The internet is a vast repository of information. AI shoves it all into a blender and extrudes it into sentences that have form. But the information wasn't knowledge, it was just a device for transmitting the knowledge, and the extruded sentence-stuff produced by AI is even farther from being knowledge, because the transmission between brains has been interrupted and partially destroyed by the randomness inherent within the functioning of Large Language Models.
A library can contain all the secrets of the universe, but no one will "have" the knowledge unless they read the books. And by reading the books, I mean not just being able to comprehend the structure of language within the sentences, but actually learning. When you try to understand a concept and it is so hard that makes your head feel fuzzy, that's because learning is happening.

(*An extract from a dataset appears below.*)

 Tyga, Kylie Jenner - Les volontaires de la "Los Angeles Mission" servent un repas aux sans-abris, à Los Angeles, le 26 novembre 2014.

Your brain is literally growing new connections and pathways.
Learning requires teaching. A way to look at knowledge transmission is through the idea of apprenticeship. A master teaching an apprentice is self-replicating: they contain knowledge, and they are shaping another person to contain the same knowledge, molding another brain into the same shape.
So, we can say that knowledge transmission happens when a knower self-replicates, causing another knower of the same knowledge to exist. But a knower can't self-replicate by splitting into two people. Instead, they have to somehow put their knowledge into another person from the outside. Language is a good way to do that.

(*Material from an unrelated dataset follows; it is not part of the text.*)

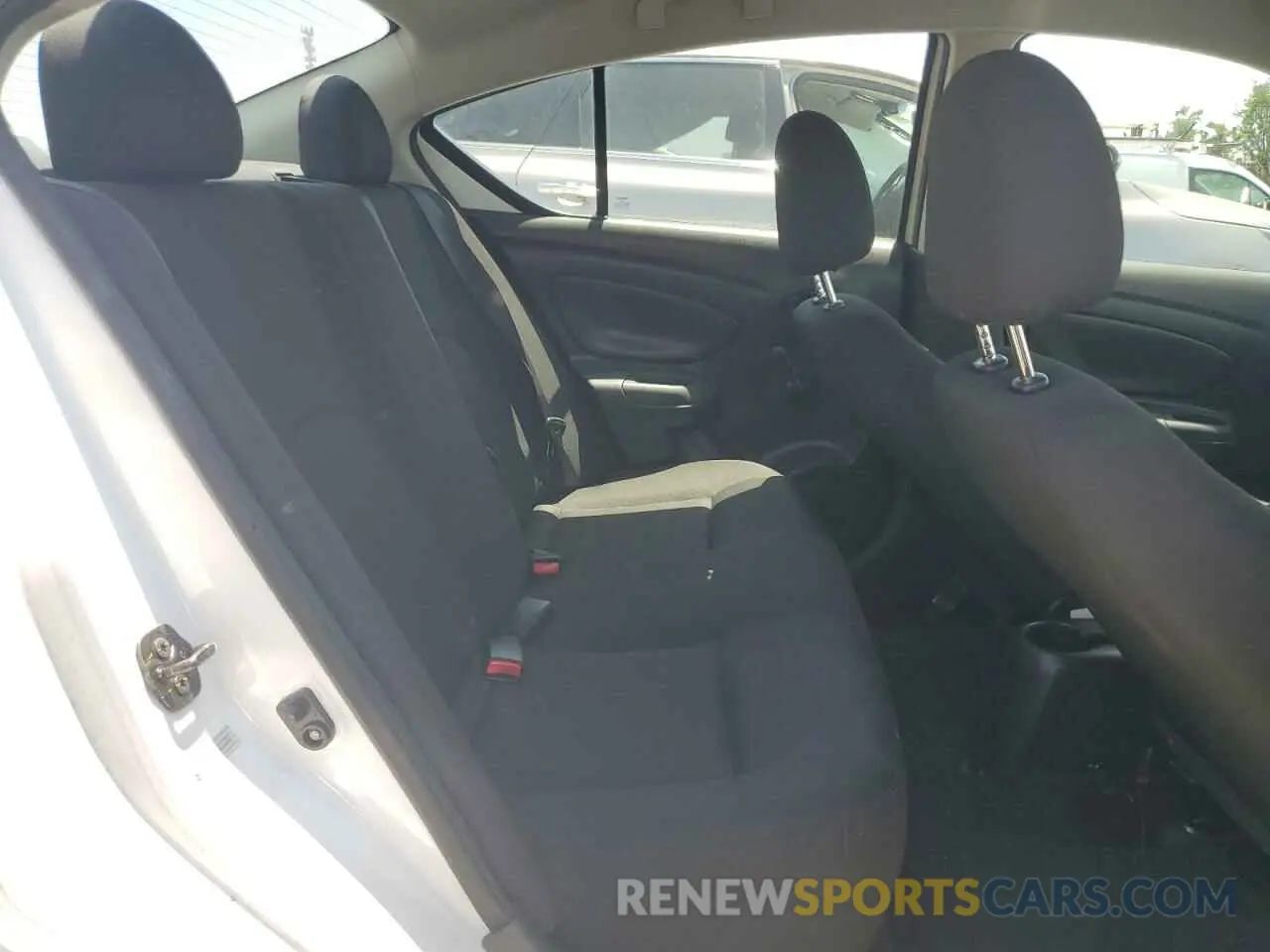 10 fotografías del automóvil dañado 3N1CN7AP6KL829764 NISSAN VERSA 2019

Someone who writes down their knowledge is not self-replicating by writing it down. They have created a secondary object or tool to aid the self-replication process. Without brains, language would be nothing, there would be no such thing as symbols or meaning, language would not exist.
This means that information is completely worthless if it is not successful at replicating knowledge from one brain into another. Which means that the level of information we have stored in various repositories does not directly correlate with how much "we" "know." Written information can fail to become knowledge in various ways: people can just not read it, or the writing can be too hard to understand, or it can be forgotten once understood, or it can be discredited or seen as untrustworthy, or nowadays, with generative AI, it can be interrupted and distorted on its way to the learner.
Large language models can only be seen as "intelligent" if you think that language itself can be a "knower." I think it is clear that language, even though it transmits information, cannot know it.